The sleep journal is a GREAT idea, and it will help you understand whether tweaks to your settings are helping you sleep better and more restfully, or not.

The FLs may or may not affect the quality of your sleep. I would suggest you stick with your current settings a few more days and then do ONE of two things. (1) Increase the EPR to 3. That might help some with the FLs. If it does, you can assess whether that helps you sleep better or more restfully. (2) Reduce the maximum pressure a little bit more, maybe to 9.2. Then you can assess whether that helps decrease the aerophagia further and also whether it increases your obstructive events.

One change at a time, though; that way you can have a better understanding of what is and isn't working. Stick with new settings (unless they're awful) for a week or so before considering additional changes.
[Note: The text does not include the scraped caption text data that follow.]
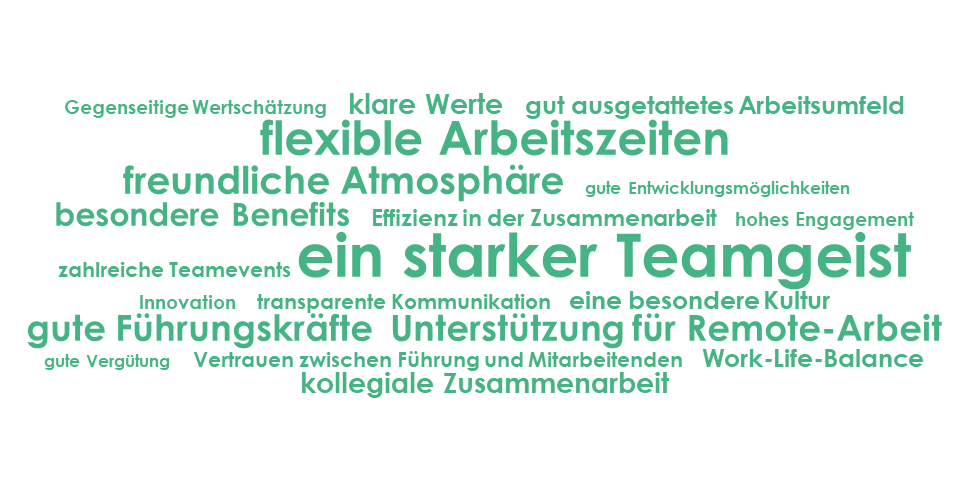 verschiedene Keywords in grüner Schrift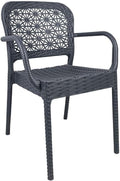 Sillón LATOJA, apilable, polipropileno antracita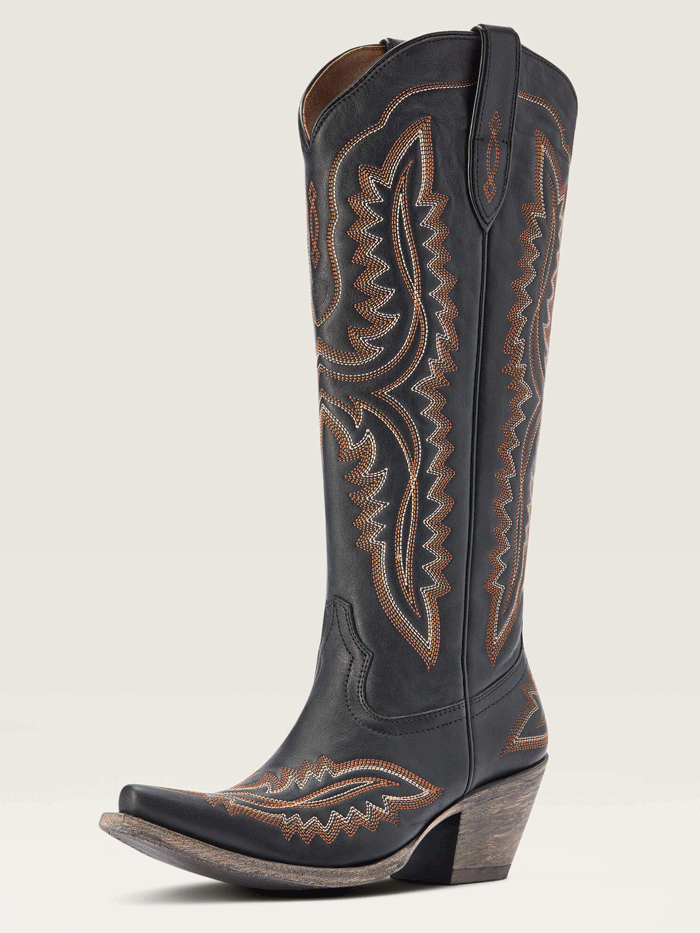 Ariat 10042447 Women's Casanova Western Boots - Brooklyn Black - Perfect for Country Dancing, Rodeos & Western Fashion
About GERD: from a trusted web site (Mayo Clinic), here's the advice many people in the U.S. with reflux will get:

Lifestyle changes may help reduce the frequency of acid reflux. Try to:

Maintain a healthy weight. Excess pounds put pressure on your abdomen, pushing up your stomach and causing acid to reflux into your esophagus.
Stop smoking. Smoking decreases the lower esophageal sphincter's ability to function properly.
Elevate the head of your bed. If you regularly experience heartburn while trying to sleep, place wood or cement blocks under the feet of your bed so that the head end is raised by 6 to 9 inches. If you can't elevate your bed, you can insert a wedge between your mattress and box spring to elevate your body from the waist up. Raising your head with additional pillows isn't effective.
Don't lie down after a meal. Wait at least three hours after eating before lying down or going to bed.
Eat food slowly and chew thoroughly. Put down your fork after every bite and pick it up again once you have chewed and swallowed that bite.
Avoid foods and drinks that trigger reflux. Common triggers include fatty or fried foods, tomato sauce, alcohol, chocolate, mint, garlic, onion, and caffeine.
Avoid tight-fitting clothing. Clothes that fit tightly around your waist put pressure on your abdomen and the lower esophageal sphincter.